INPUT RECORDS -
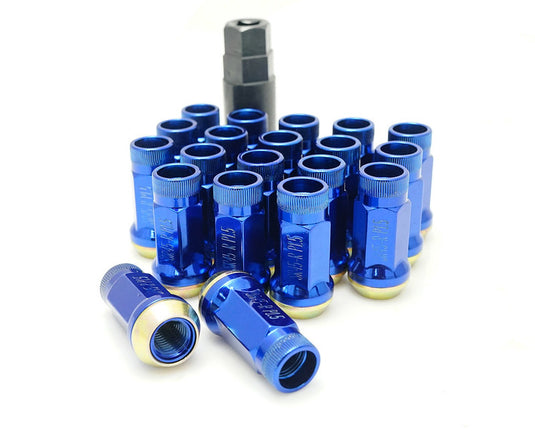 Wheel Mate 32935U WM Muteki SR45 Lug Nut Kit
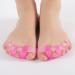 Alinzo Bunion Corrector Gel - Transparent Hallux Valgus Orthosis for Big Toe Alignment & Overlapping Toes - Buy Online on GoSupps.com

* * *

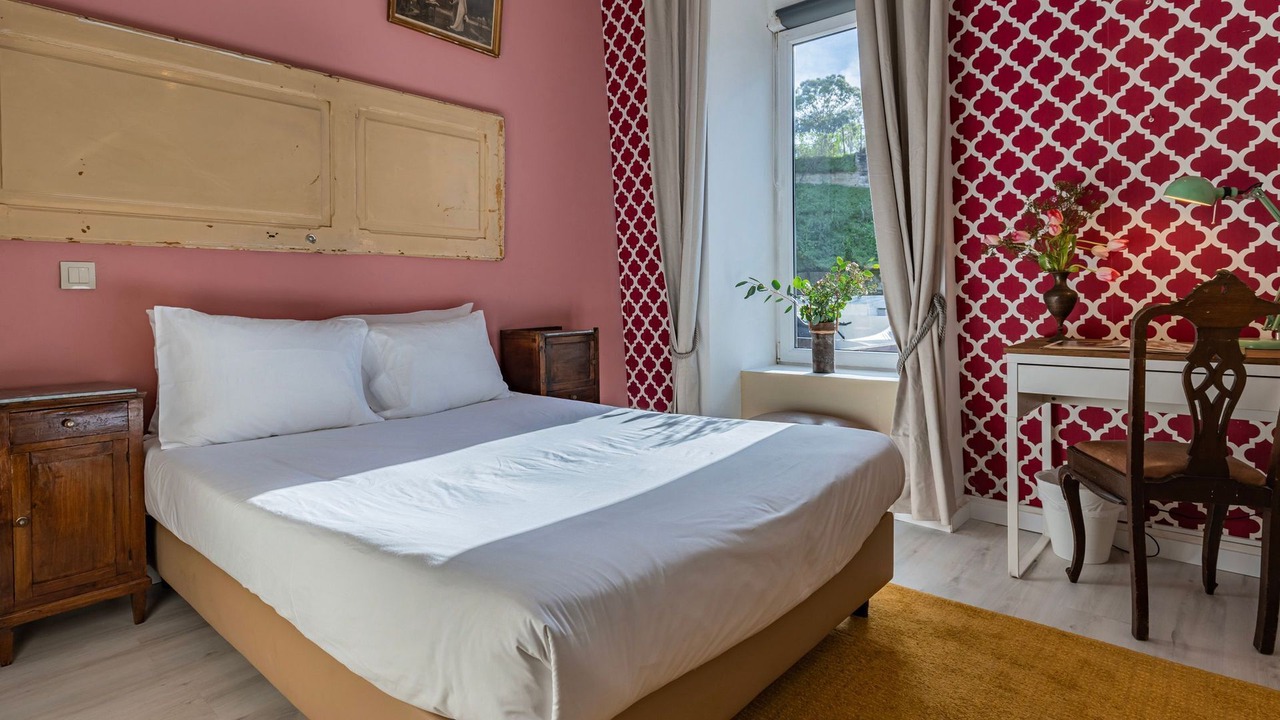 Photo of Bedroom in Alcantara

ABOUT THIS EXERCISE - In the data above, retype only the stretch from the line with "Wheel Mate 32935U WM Muteki SR45 Lug Nut Kit" through the line with "Alinzo Bunion Corrector", word for word, and skip any pictures.

TASK RESPONSE -
 Wheel Mate 32935U WM Muteki SR45 Lug Nut Kit
 Alinzo Bunion Corrector Gel - Transparent Hallux Valgus Orthosis for Big Toe Alignment & Overlapping Toes - Buy Online on GoSupps.com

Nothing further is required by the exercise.